Bilhões de dólares investidos em IA generativa renderam um retorno tangível surpreendentemente pequeno para muitas empresas. Apesar do hype, meros 5% dos programas piloto de IA integrados se traduzem em valor de negócios mensurável, e quase metade das empresas abandona suas iniciativas de IA antes mesmo de chegarem à produção. Essa dura realidade ressalta um gargalo crítico: a infraestrutura que envolve os modelos de IA, e não os próprios modelos.
As limitações decorrem da acessibilidade restrita aos dados, processos de integração inflexíveis e caminhos de implantação vulneráveis. Esses fatores, coletivamente, dificultam a escalabilidade das iniciativas de IA além dos experimentos iniciais de Large Language Model (LLM) e Retrieval-Augmented Generation (RAG). O custo dessas falhas é significativo, representando investimento desperdiçado e oportunidades perdidas de vantagem competitiva.
Em resposta, um número crescente de empresas está migrando para arquiteturas de IA composable e soberana. Essas arquiteturas prometem reduzir custos, manter a propriedade dos dados e se adaptar ao cenário de IA em rápida evolução. A empresa de análise do setor IDC prevê que 75% das empresas globais adotarão essa abordagem até 2027, sinalizando uma grande mudança na forma como as empresas abordam a implantação de IA.
O problema, de acordo com um estudo compilado pela MIT Technology Review Insights com dados da Informatica, é que os pilotos de IA quase sempre funcionam. Essas provas de conceito (PoCs) são projetadas para validar a viabilidade, identificar casos de uso potenciais e promover a confiança para investimentos maiores. No entanto, elas geralmente operam em ambientes controlados que não refletem com precisão as complexidades e os desafios dos cenários de produção do mundo real.

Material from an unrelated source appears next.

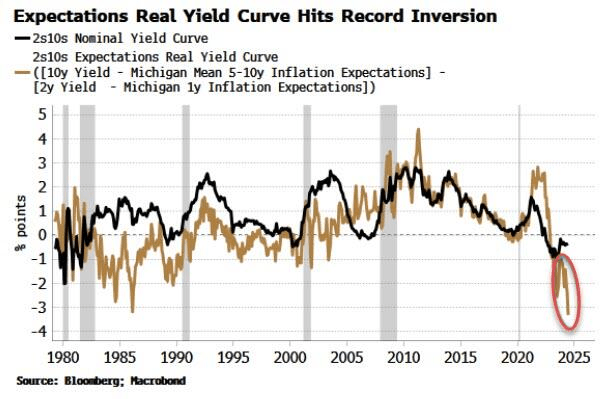 , Russell Explodes Higher As Rotation Takes Hold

A IA composable e soberana oferece uma solução potencial, permitindo que as empresas construam sistemas de IA a partir de componentes modulares, permitindo maior flexibilidade e personalização. A IA soberana, em particular, enfatiza a propriedade e o controle dos dados, abordando as preocupações com a privacidade e a segurança dos dados. Essa abordagem permite que as empresas aproveitem a IA, mantendo o controle sobre suas informações confidenciais, uma consideração crucial em um ambiente cada vez mais regulamentado.
Olhando para o futuro, a adoção de arquiteturas de IA composable e soberana deve acelerar à medida que as empresas buscam liberar todo o potencial dos investimentos em IA. A capacidade de escalar as iniciativas de IA de forma eficaz, mantendo a soberania dos dados e controlando os custos, será um diferencial fundamental para as empresas nos próximos anos. A transição exigirá um foco estratégico na construção de uma infraestrutura de IA robusta e adaptável, indo além de projetos piloto isolados para implantações em toda a empresa.